The advantage of online shopping first has to be looked at in terms of convenience.  I can literally shop in my underwear for anything at any time of the day.  (No I will not be including photos of this)  Barring an internet outage, I can do it on my computer, tablet or even my phone with a few button presses or clicks.  This can also allow for me to catch bargains or sales I might not be able to get at my local gaming store for.  Often times online prices will be lower as the competition between websites is immediate and constant.  This can both be in the buyer’s favor and their detriment depending on several factors.

Here is a case in point example.  Let us examine the module The Temple of Existential Evil by Kenzerco for Hackmaster 4th edition.  A low production run and the fact this spoofs the original Temple of Elemental Evil has left this a popular collectors (a term I will examine in another article) item.  The original retail cost was $24.99. You can find it used for $150.00 on one site, new for $180.00 dollars.  Popular auctions sites have it as low as $139.99 with bidding and other sites sell it in mint at $250.00.  Sadly all these prices are far beyond what you can pick up the original Temple of Elemental Evil for.  Collectors set the price based on scarcity, which in no way dictates that it is actually WORTH the price.

As you can see from this one example, the price is truly fluid.  And boy oh boy do online retailers love the play the markup game.  So again, understand you CAN get it, but the real question is, is it worth the price they are asking to you?

Tons of options

When discussing online shopping I would be remiss in not mentioning sites like DrivethruRPG or Onebookshelf.  Online PDF sites are very popular these days, as many of us seek to keep the clutter on our shelves down to a dull minimum.  Newer generations of gamers favor portability over having a tangible product in their hands, and you can hold 1000’s of gaming related PDF’s on phone or tablet these days.  Some gamers have even taken to printing out copies of purchased pdf’s via print on demand or companies such as Lulu.  While DRM and copyright laws are sort of vague on the legitimacy of this (you own the rights to the digital media to use as you see fit, but make sure you are printing it out ONLY for your use or you’re breaking copyright law…and do not think about trying to sell it as that is not an option)

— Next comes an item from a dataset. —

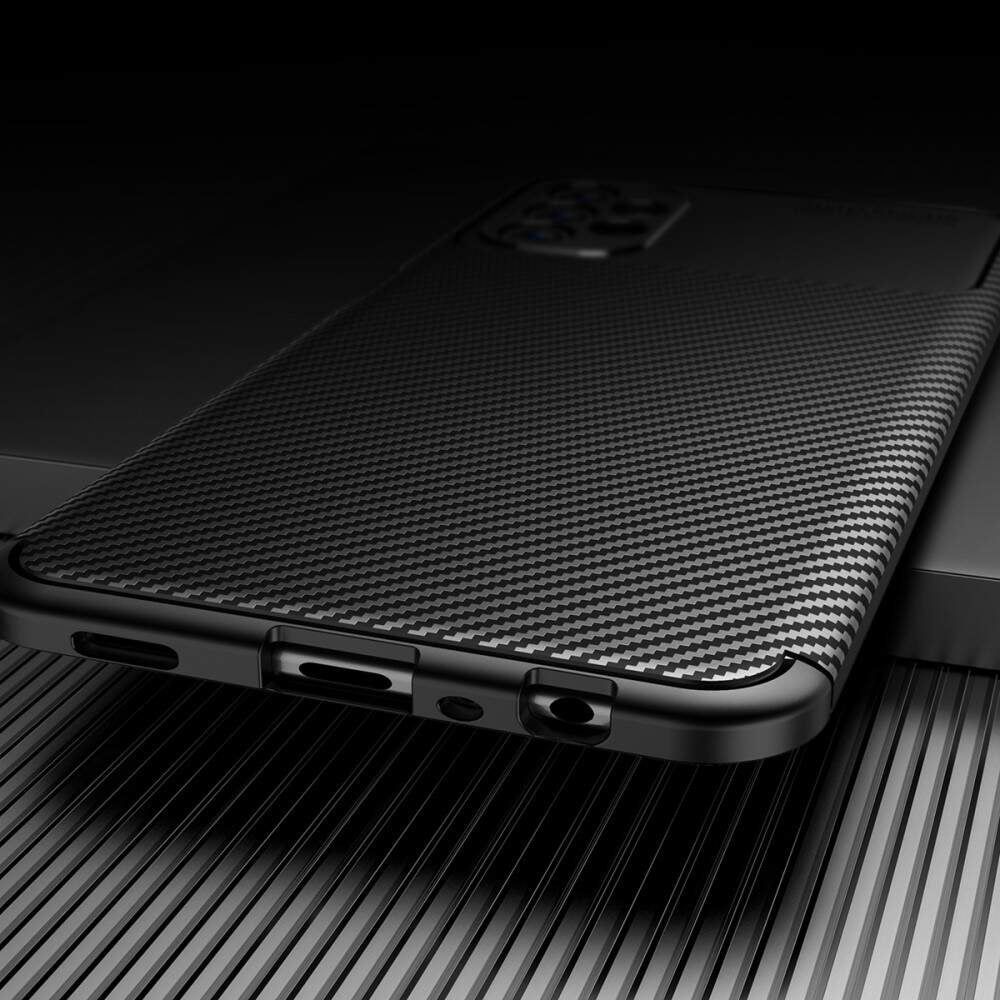 Deksel til Samsung Galaxy A13 A135, Techsuit, CarbonFiber, Svart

The digital age has allowed us to find out of print items and enjoy them all over again.  It has also allowed us to have both a play copy that we can take with us while keeping those collectibles nice and safe behind layers of plastic and cardboard on our shelves.  Couple that with services such as Bundle of Holding and Humble Bundle and not only can you get a ton of PDF’s cheap and DRM free, but you can give to a good cause as well.  DRM free means you can use the same PDF across multiple devices.  My only concern with this method is fear that folks pass these off on bootleg websites which rob profits from the already niche community of game developers.

The best of both worlds

I would be remiss in discussing online retailers if I did not mention one aspect of brick and mortar stores that has made its way to online purchasing.  Companies such as Noble Knights and Coolstuff Inc, offer trade-in programs, similar to what you would find at local stores.  Once again the difference being, your local store will generally offer you more in a trade that an online presence will.  However, the online presence will often have far more selection than a local store can offer.  This a trade-off for sure.  I have never done trade business with Coolstuff but I have done several trades with Noble Knights and consider them to be above reproach.  I have never had one single issue with a trade and always felt fairly treated.

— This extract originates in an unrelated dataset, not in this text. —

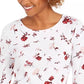 Charter Club Women's Pima Cotton Ditsy-Print Top White Size Small
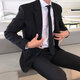 Playboy Spring and Autumn Korean style casual suit jacket men's black loose student formal business suit suit men's trend black suit + white shirt + trousers free tie XL recommended 115-135 Jin Jin equals 0.5 kg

Online entities will be more likely to take more obscure titles as well, having a much bigger demographic to sell to.  This can take things like your copy of the Temple of Existential Evil and give you a fair shake at getting a decent return on your initial purchase.  (For example, I was offered 10 bucks locally whereas NBK offered me $75.00 when the ToEE was selling for upwards of $250.00.  Being my initial investment was $25.00, I took that deal right away!)

Facebook Groups

Another option for online shopping are the numerous Facebook groups that have come about in recent years.  Sites like RPG Auctions, offer many many decent deals on buying used game products in really decent condition.  I have lost count of how many early edition white box D&D sets I have seen sell there for instance.  One of the really cool aspects of these groups are, a lot of times the original content creators such as Robert Kuntz, or Jolly Blackburn etc will comment as to the legitimacy of the product or in some cases even show up to sell some of their own stuff.  Rare items not often seen or in some cases even known about.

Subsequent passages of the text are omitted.